You're reading: Presidential front-runner Zelenskiy presents his team 2 days before election

Presidential election frontrunner Volodymyr Zelenskiy has presented a team of experts who he says can receive posts in his future administration.

Both supporters and opponents of Zelenskiy have long demanded to know the names of the people that the showman-turned-politician would bring into power with him if elected president. Zelenskiy finally presented the team on the Pravo Na Vladu political talk show on 1+1 TV channel on April 18.

Just three days later, Ukrainians will vote for the next president.
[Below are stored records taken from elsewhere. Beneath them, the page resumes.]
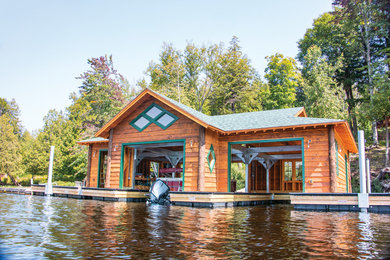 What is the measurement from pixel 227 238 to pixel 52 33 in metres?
12.3

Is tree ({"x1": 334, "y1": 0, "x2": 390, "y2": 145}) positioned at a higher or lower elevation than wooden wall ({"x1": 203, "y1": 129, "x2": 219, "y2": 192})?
higher

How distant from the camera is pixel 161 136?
16.9m

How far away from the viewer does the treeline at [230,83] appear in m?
30.6

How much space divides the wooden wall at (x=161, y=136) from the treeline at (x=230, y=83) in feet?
49.8

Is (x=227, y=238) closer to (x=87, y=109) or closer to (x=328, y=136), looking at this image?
(x=328, y=136)

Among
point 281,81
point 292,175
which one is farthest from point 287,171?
point 281,81

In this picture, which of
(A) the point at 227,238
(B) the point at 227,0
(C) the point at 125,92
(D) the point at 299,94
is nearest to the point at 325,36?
(D) the point at 299,94

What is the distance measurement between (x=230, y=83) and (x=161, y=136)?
22889 millimetres

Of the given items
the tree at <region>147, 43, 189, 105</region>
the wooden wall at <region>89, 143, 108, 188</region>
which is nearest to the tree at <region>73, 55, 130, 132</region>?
the tree at <region>147, 43, 189, 105</region>

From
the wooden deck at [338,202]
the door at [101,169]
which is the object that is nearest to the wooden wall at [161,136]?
the door at [101,169]

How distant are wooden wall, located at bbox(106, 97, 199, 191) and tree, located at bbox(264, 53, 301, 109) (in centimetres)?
2422

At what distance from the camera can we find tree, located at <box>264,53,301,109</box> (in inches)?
1529

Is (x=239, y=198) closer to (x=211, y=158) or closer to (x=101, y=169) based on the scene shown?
(x=211, y=158)

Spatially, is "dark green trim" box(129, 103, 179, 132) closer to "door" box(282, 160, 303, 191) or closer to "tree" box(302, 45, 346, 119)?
"door" box(282, 160, 303, 191) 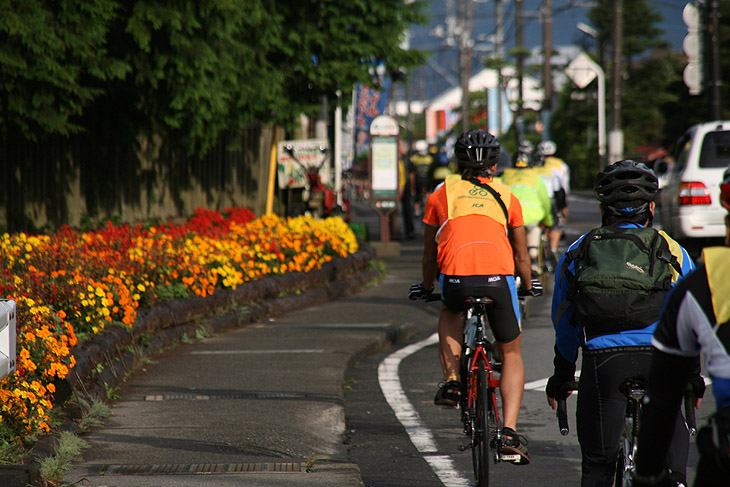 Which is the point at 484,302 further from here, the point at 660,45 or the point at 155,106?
the point at 660,45

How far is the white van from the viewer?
53.1 ft

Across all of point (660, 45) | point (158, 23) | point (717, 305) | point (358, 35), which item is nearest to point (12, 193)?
point (158, 23)

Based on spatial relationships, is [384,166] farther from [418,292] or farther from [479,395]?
[479,395]

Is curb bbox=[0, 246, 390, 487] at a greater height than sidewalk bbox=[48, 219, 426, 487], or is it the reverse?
curb bbox=[0, 246, 390, 487]

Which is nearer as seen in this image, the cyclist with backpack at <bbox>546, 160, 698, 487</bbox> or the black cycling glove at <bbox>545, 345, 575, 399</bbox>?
the cyclist with backpack at <bbox>546, 160, 698, 487</bbox>

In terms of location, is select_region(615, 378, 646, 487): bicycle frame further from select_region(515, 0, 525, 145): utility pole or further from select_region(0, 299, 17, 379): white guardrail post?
select_region(515, 0, 525, 145): utility pole

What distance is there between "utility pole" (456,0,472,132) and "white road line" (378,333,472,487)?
51.2 m

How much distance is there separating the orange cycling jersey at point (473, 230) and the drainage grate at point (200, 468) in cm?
136

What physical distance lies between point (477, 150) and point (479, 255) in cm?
64

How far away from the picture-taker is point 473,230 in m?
6.38

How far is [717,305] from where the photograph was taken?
3020 mm

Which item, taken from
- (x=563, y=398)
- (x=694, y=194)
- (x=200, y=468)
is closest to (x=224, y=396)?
(x=200, y=468)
According to polls, 73 percent of decided voters will go for Zelenskiy, while 27 percent will support the incumbent President Petro Poroshenko.

Some of the names on Zelenskiy’s team were known to be members of his inner circle before, while others were new. The candidate presented each and briefly described their area of expertise. He said that they aren’t guaranteed government posts, but the best of them will get them. He didn’t announce any of the people that would fill specific positions, like head of administration or prosecutor general.

Here is the team Zelenskiy presented on April 18, in the order he presented them:

Ruslan Stefanchuk is the team’s ideologist responsible for reforming the country’s legal institutes and developing legislation, “a man with big ideas and a big heart.”

What we know: Stefanchuk is a distinguished Ukrainian scholar specializing in non-property rights, intellectual property laws, and civil rights. He is often called the ideologist of Zelenskiy’s campaign and one of the authors of Zelenskiy’s election program, which included ideas crowdsourced from social media users. He also manages Zelenskiy’s meetings with experts.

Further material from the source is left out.